Priya Nath had just one hour left before they went to the London Airport, and Shri Nathji spoke to him in the ground floor room of 10, Fawley Road, the microphone of the tape recorder in his hand and his eyes shut.
Shri Nathji spoke of the lover of God who had waited for a long time for the Lord to come, and who had finally died, leaving behind his last wish in the following verse:
Sange magnatees ki ho lauha meri qabr par
Yaar kaa rakhtaa hai tausan naalaa aahan zere paa
Let my tombstone be made of magnetic rock,
For the horse of my Friend wears iron on its feet
Priya Nath ever afterwards recalled those divine moments, when Shri Nathji’s words had pierced his heart and touched him to the point of tears, and Shri Nathji himself had said with closed eyes, even as he was delivering his speech:
“Wah!
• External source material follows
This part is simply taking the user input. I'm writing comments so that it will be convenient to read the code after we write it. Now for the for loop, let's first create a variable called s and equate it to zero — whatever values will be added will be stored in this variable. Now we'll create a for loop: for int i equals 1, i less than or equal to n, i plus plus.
Piyaji! Aaj kaisaa kamaal kaa flow aapki taraf jaa rahaa hai!”
“How wonderful, Piyaji! What a unique flow is going out towards you today!”
It was the one and only time in Priya Nath’s life that Shri Nathji gave a speech to Priya Nath directly addressed to him.
Priya Nath and Pran Nath had always asked Shri Nathji why he never spoke to them on spiritual themes like he spoke to the devotees, and he had always replied:
“You do not need lectures. Your souls are ever enlightened.”
Priya Nath retained the tape recording and played it before his friends at Harvard, all of whom were greatly touched and affected by Shri Nathji’s words and his divine voice that made time stand still. Kopr Kritayakirana, Priya Nath’s roommate at Harvard, who could not understand a word of Hindi said: “There is something very touching in the voice. Whatever he is saying sounds very convincing!”
Over the years one of the greatest losses of Priya Nath was that tape recording which he was not able to find, and which contained Shri Nathji’s loving lecture given only for his sake on the day he was to leave London in the summer of 1965.